Verónica Barcina Téllez

Acertó Baudelaire al afirmar que el mejor truco del diablo es hacernos creer que no existe. Así, el grueso de los mortales se considera a salvo de sus tentaciones, de sus pompas y de sus obras, y peca feliz en la creencia de que dios, en su infinita bondad, todo lo perdona. Para quienes pisan suelo ateo, agnóstico o apóstata, suelo de civismo laicista, la cosa se ciñe a considerar sus acciones más o menos ajustadas a la ética y la moral, ese contrato cívico –no religioso–, que debieran regir la convivencia en cualquier estructura social estable.

Sacudirse los problemas es una aspiración social, entendiendo por problema cualquier actuación que genere cierto grado de conflictividad en la ética y la moral a nivel público o privado. El truco del diablo es eficaz en estos casos y fácil de asimilar personal y socialmente. La ofensiva diabólica de la extrema derecha contra la igualdad entre mujeres y hombres surte efecto incluso entre quienes hasta ayer defendían férreamente las conquistas feministas arrancadas tras siglos de represión, lucha, sumisión, reivindicación, derrotas y conquistas condenadas a la eterna dialéctica maniquea.

Pide la extrema derecha y concede parte de la progresía que vuelva el macho en pleno siglo XXI

Muchos hombres, desde la transición, apostaron por la igualdad y el feminismo bajo el influjo de una educación patriarcal recibida como legado envenenado de sus ancestros. Muchas mujeres también. No fue fácil ni cómodo para ellos renunciar a un estatus de superioridad muy cuestionado y combatido por amplios sectores económicos, políticos, mediáticos, religiosos y militares que veían peligrar el tradicional statu quo y la ideología conservadora que históricamente lo viene sosteniendo. Para buena parte de la progresía, el debate entre la realidad feminista y la herencia educativa recibida se tradujo en conflictos que minaban su apuesta por el feminismo.
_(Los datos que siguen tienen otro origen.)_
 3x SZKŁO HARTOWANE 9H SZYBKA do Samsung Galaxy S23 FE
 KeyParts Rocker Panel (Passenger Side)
No es fácil para un hombre renunciar al supremacismo que permite evaluar a la mujer en función de su capacidad para excitar y/o satisfacer el apetito sexual, para ejercer su derecho “natural” a actuar como un macho alfa sobre las hembras. Es el machismo, presente en la bragueta cultural, traducido en incómodos micromachismos que minan el feminismo militante con la persistencia de la estalagmita. No es nada fácil ignorar el atractivo y es muy incómoda y conflictiva la renuncia a verbalizarlo.

La extrema derecha ha movilizado a sus hordas políticas, económicas, mediáticas y clericales con un objetivo primordial: hacer creer a la sociedad que el machismo no existe. El medio empleado para ello es tan viejo como eficaz: convencer a la sociedad de que el feminismo y la igualdad son la prueba irrefutable de que existe el diablo. El método Goebbels es infalible y lo utilizan como nadie.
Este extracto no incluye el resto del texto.